**Task directions**
Repeat exactly the lines of the records below, starting at the line containing "David Yurman Sterling" and ending at the line containing "Nordstrom at Nordstrom". Leave the pictures out.

**Exercise data**
*-*-*
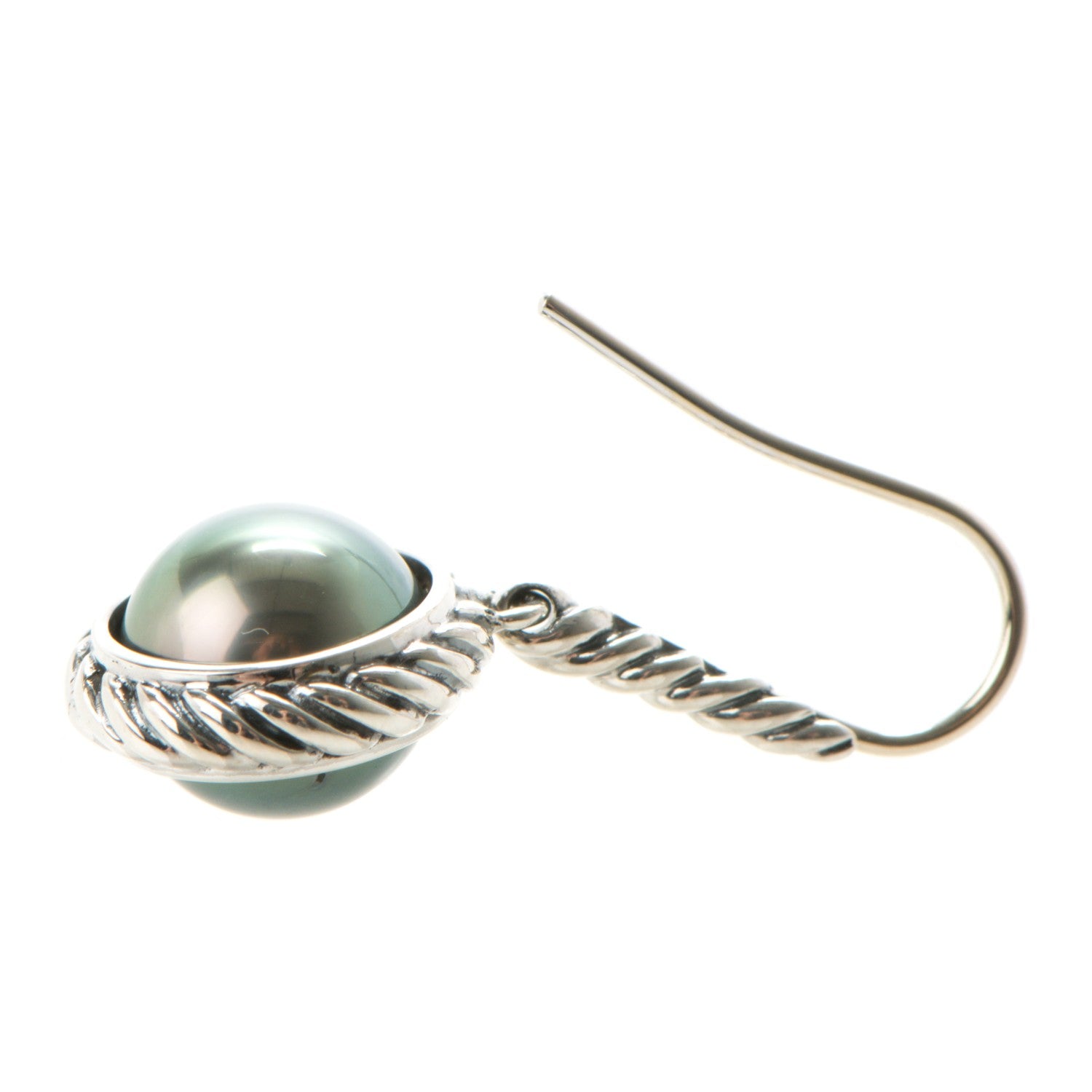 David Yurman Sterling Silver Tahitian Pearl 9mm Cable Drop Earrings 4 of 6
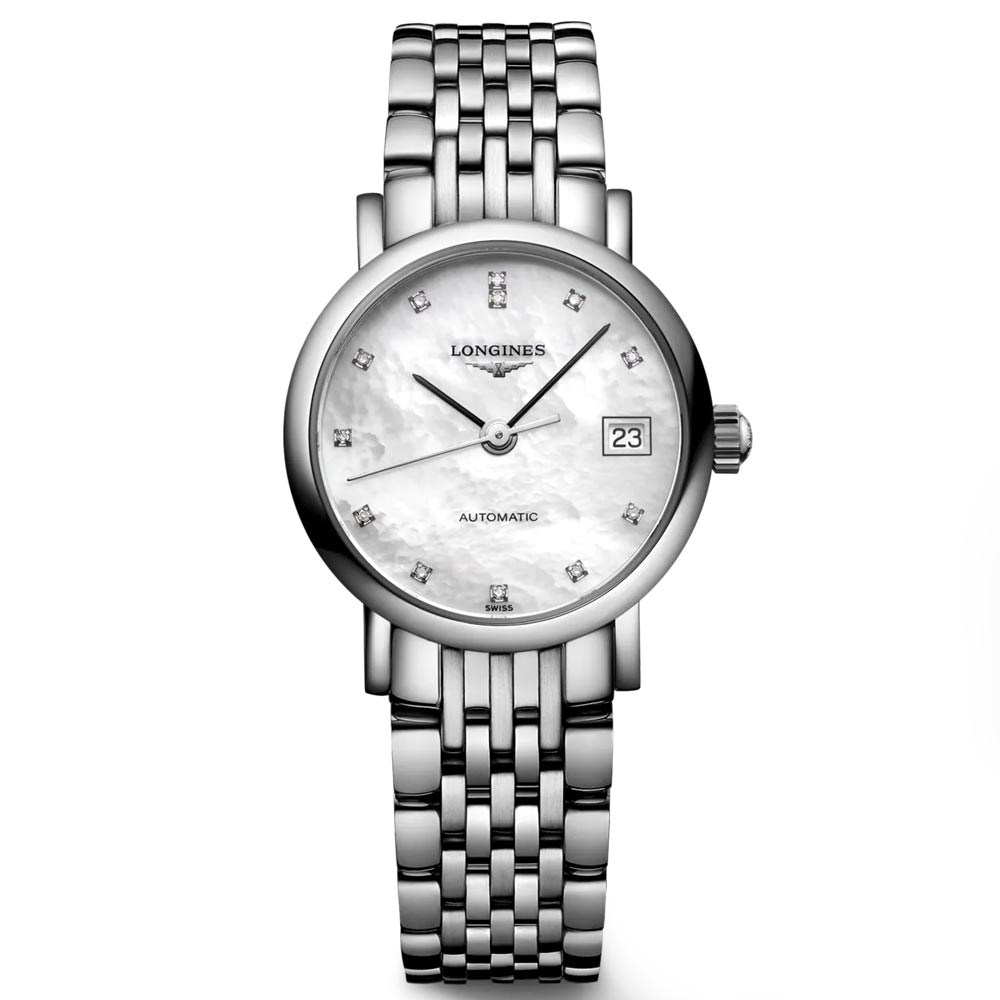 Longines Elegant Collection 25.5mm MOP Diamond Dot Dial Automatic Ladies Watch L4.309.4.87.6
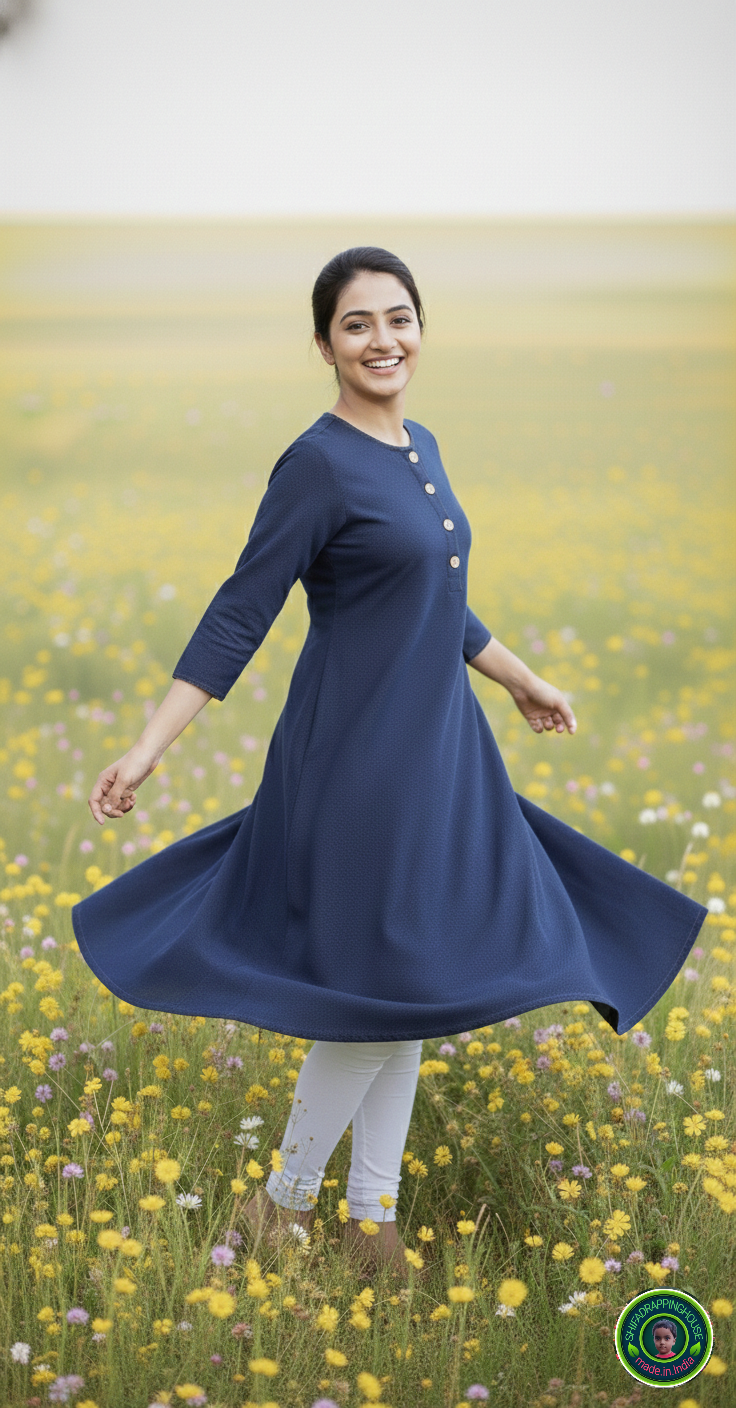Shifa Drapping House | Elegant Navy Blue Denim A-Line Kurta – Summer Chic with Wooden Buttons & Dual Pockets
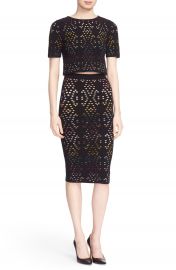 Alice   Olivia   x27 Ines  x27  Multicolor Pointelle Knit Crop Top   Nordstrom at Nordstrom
*-*-*
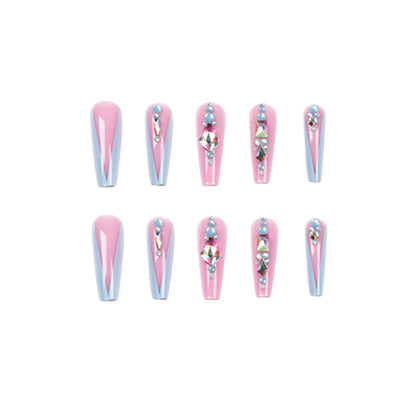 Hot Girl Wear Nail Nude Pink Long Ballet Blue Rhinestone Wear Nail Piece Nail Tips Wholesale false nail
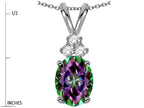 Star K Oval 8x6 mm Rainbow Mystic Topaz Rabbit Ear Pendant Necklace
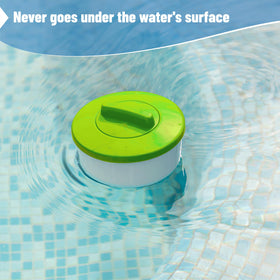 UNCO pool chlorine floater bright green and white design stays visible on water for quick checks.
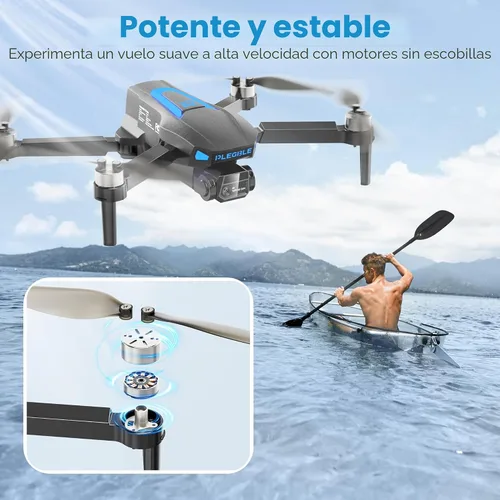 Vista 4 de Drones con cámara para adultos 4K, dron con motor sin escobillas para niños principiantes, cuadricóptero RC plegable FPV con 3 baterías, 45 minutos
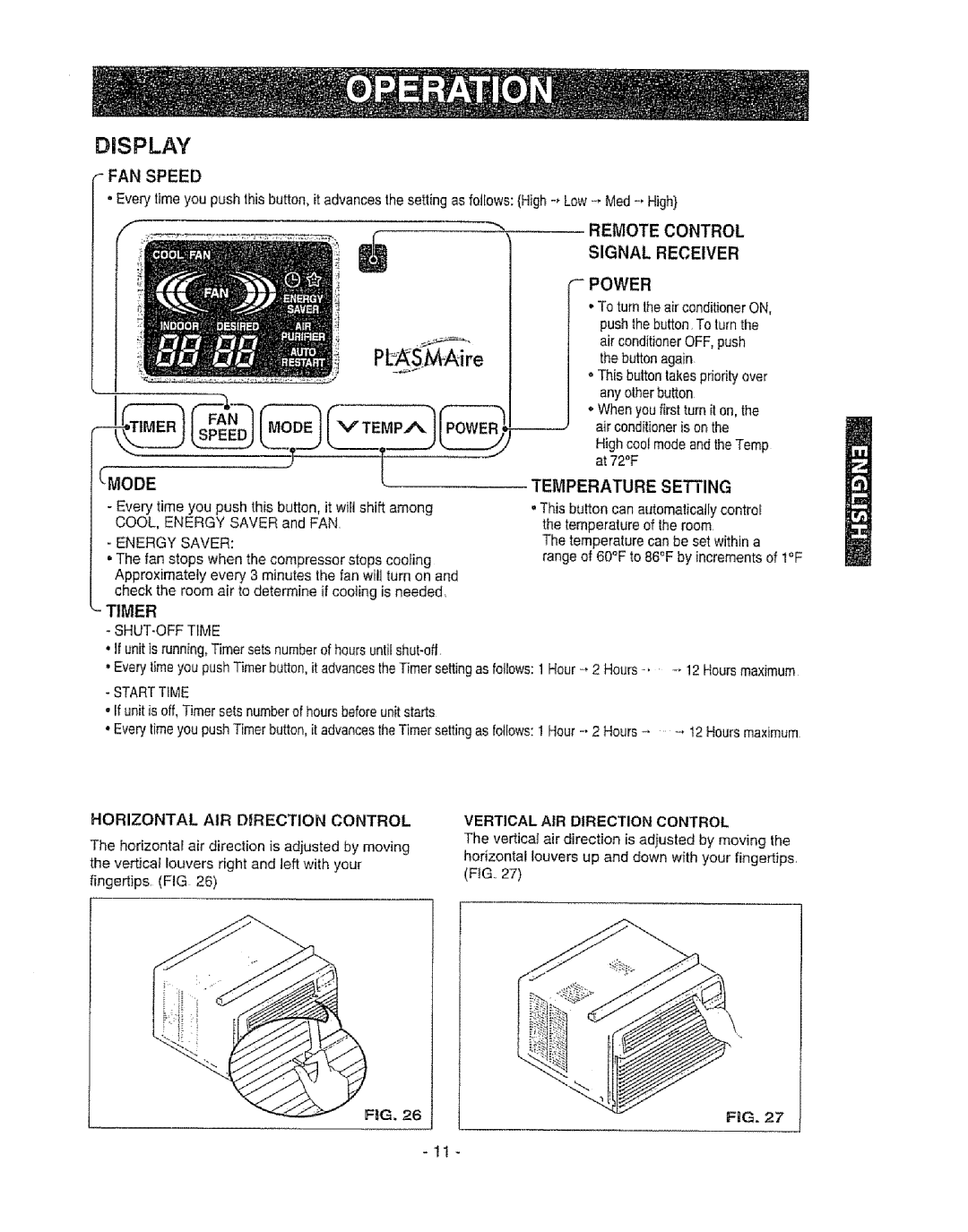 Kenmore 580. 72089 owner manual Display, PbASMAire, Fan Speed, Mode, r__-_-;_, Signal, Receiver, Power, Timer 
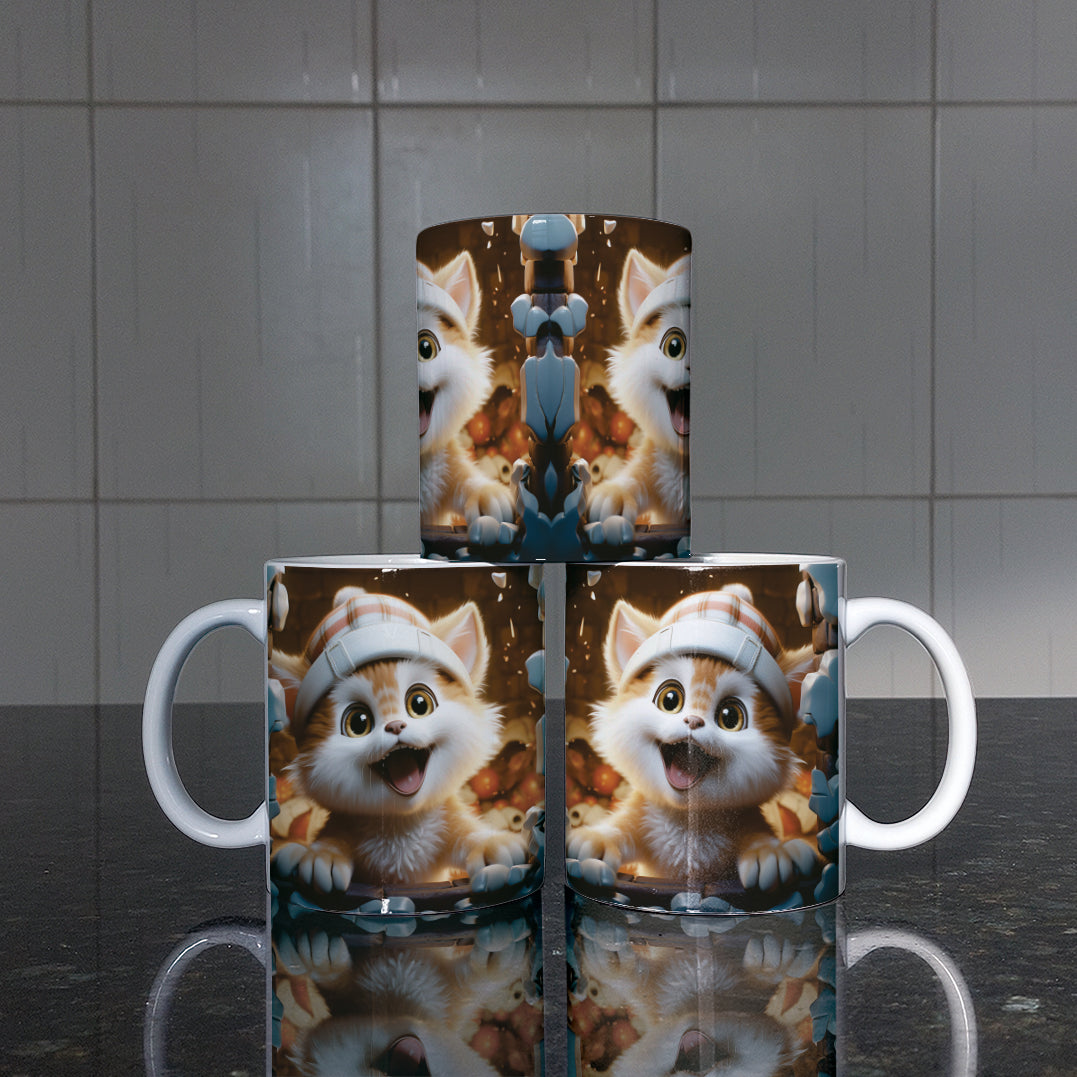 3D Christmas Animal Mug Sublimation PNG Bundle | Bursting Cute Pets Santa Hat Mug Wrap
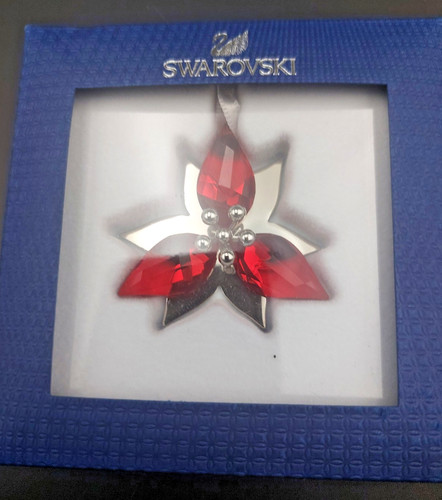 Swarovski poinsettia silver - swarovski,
*-*-*
**Output of the exercise**
 David Yurman Sterling Silver Tahitian Pearl 9mm Cable Drop Earrings 4 of 6
 Longines Elegant Collection 25.5mm MOP Diamond Dot Dial Automatic Ladies Watch L4.309.4.87.6
Shifa Drapping House | Elegant Navy Blue Denim A-Line Kurta – Summer Chic with Wooden Buttons & Dual Pockets
 Alice   Olivia   x27 Ines  x27  Multicolor Pointelle Knit Crop Top   Nordstrom at Nordstrom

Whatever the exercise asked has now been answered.